3. Breathe deeply into the back body.
• Easier: keep knees together and/or place a blanket or pillow between your thighs and calves to relax the legs and spine. Place a block under the forehead or rest upper body on a bolster and turn head to the side.
• Advanced: walk fingertips over to the right to deepen the stretch on the left side of the body. Repeat on the other side
1. Sit cross-legged on the floor.
2. Take a deep inhale as you open up the arms. On the exhale, twist to the right.
3. Place left hand on knee and right hand on floor.
4. Repeat on the other side.
• Easier: keep chin centered over the chest when twisting. Place a block under the hand reaching behind you.
• Advanced: Instead of sitting cross-legged, place the right foot on the floor outside of the left thigh and twist to the right. Place the right arm on the outside of the right thigh and gaze over the right shoulder. Repeat other side.
1. Stand with feet hip distance apart and close your eyes or keep a soft gaze.
2. Keep your hands by your sides or press palms together in front of your heart.
3. Root down through your feet as you imagine lifting the crown of your head toward the ceiling.
4. Feel calming energy begin to develop in the body.
• Easier: if balance is difficult, try mountain pose with a wider stance of the feet, against the wall or sitting down in a chair.
• Advanced: to add more power to this pose, engage the thigh muscles and lift the knee caps.
1. Stand or sit comfortably in a chair and take a few deep breaths. Lengthen the spin and lift the crown of the head towards the ceiling.
2. On the exhale, bend at the hips and fold over the legs. Rest the torso on the legs.
3. Completely relax the neck and muscles of the face
4. Press down through the feet and engage the core to life back up to a seated or standing position.
• Easier: if seated, place hands on thighs and lower down only as much as you can. To deepen the stretch, reach finger tips toward your feet.
• Advanced: if standing, slowly try straightening the legs. Reach fingertips toward the floor or grab opposite elbows.
1. Sit cross-legged on the floor or blanket
2. Bring your hands to your heart or lap
3. Close the eyes and breathe deeply
• Easier: sit against the wall leaving feet untucked and/or use blocks underneath each knee for extra support.
• Advanced: press hands firmly together to strengthen the arms.
1. Sit upright. Cover your eyes or leave them open.
2. Choose a healing, calming sound, word, or phrase as your object of focus. This word or phrase can be anything you need to hear. A few examples: Peace, Relax, Love, or OM.
3. Repeat your mantra for 1-2 minutes, silently or out loud.

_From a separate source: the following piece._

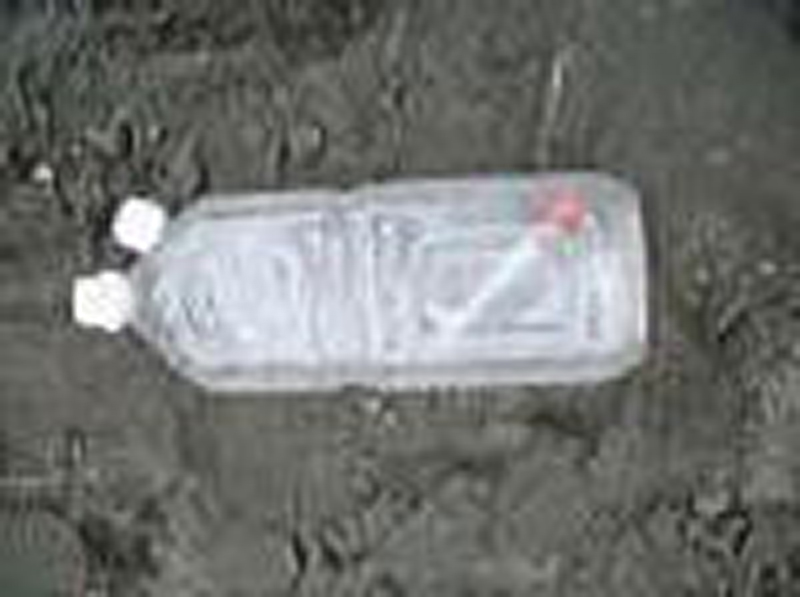 注射器はペットボトルに入れてください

4. Continue to repeat silently for up to 10 minutes
• Try lying down with your eyes open or closed / Use your mantra during an activity, like walking or doing the dishes / Try a different mantra. The phrase you repeat doesn’t matter, as long as you are doing it with focused attention. / Continue for any length of time that feels comfortable.
Alternate Nostril Breath
1. Block off your right nostril by putting gentle pressure on it with your thumb. Keep your other fingers straight and pointing to the sky.

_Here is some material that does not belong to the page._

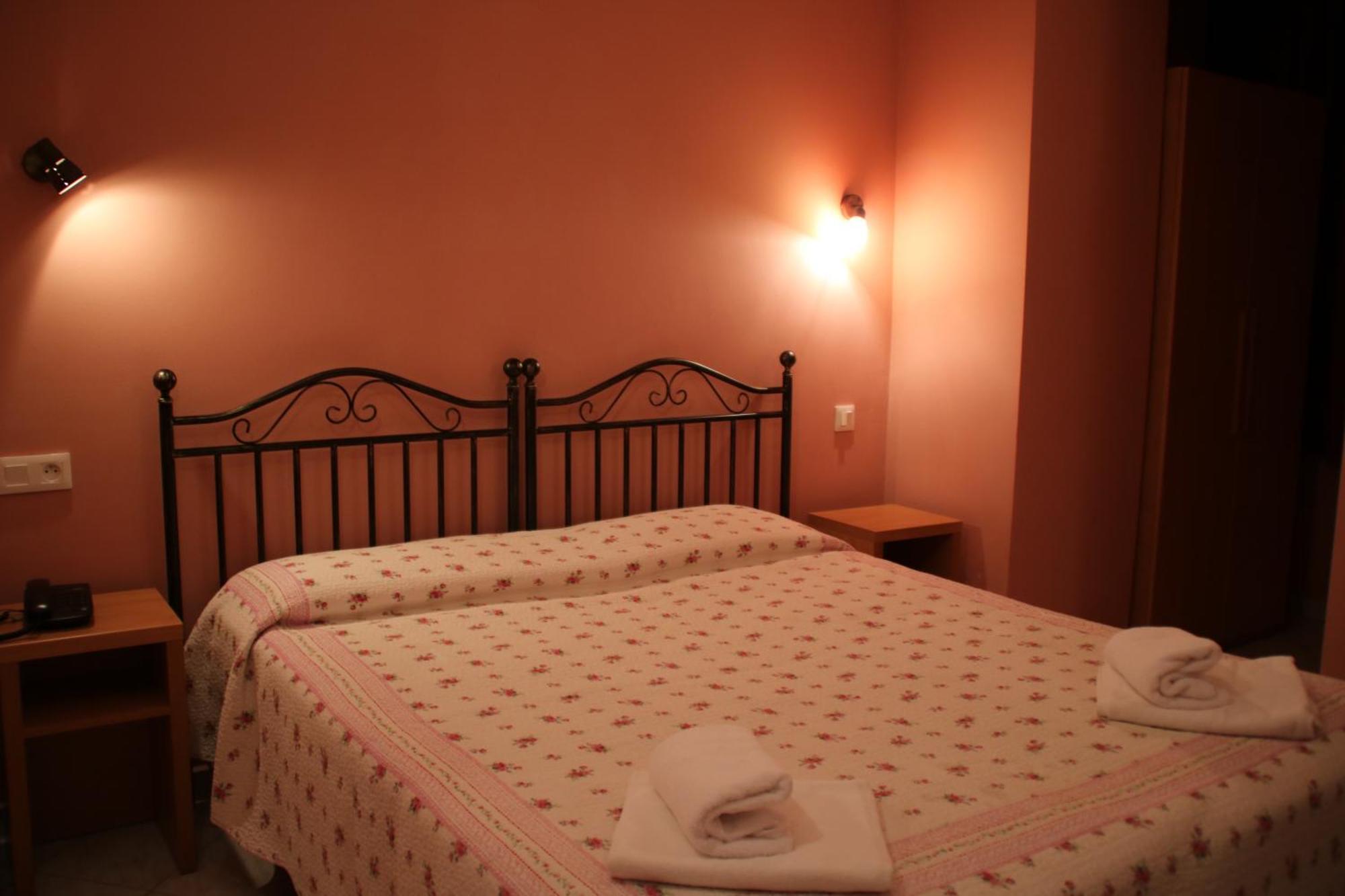 Double Room,705725260:JPEG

2. With a long, slow, deep breath, gently inhale through your left nostril.
3. Release your thumb and using the index finger of your right hand, block off your left nostril and exhale long, slowly, and completely through your right nostril.
• Continue for ten or twenty rounds.
• Visualize your breathe traveling through alternate nostrils.

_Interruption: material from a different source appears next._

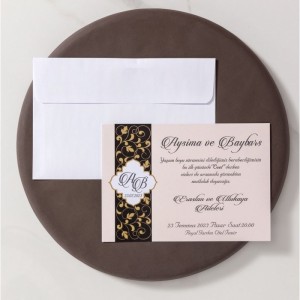 Krem Zemine Siyah Desenli Davetiye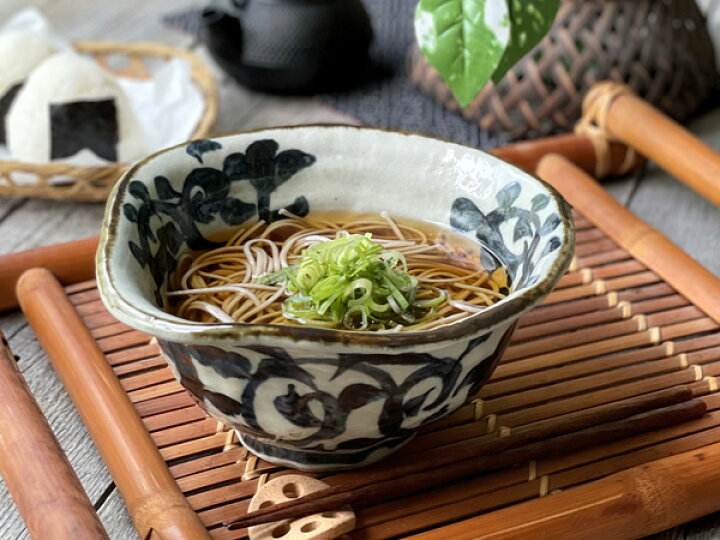 楽天市場 食器 ラーメン どんぶり おしゃれ 和食器 モダン 土物 ラーメン鉢 美濃焼 アウトレット カフェ風 手書きたこ唐草豪快丼 おしゃれ食器の通販m Home Style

1. Focus your attention on your feet. Notice any tension, pain, or stress.
2. Move your attention slowly up your body. Take deep, slow breaths as you focus your awareness on an area of your body.
3. Notice how each section of your body feels as you continue to breathe slowly: your shins and knees, thighs and hips, back and abdomen, chest and upper back, neck and shoulders, and finally your head.
• Focus on a particular part of your body where you feel pain or hold on to tension.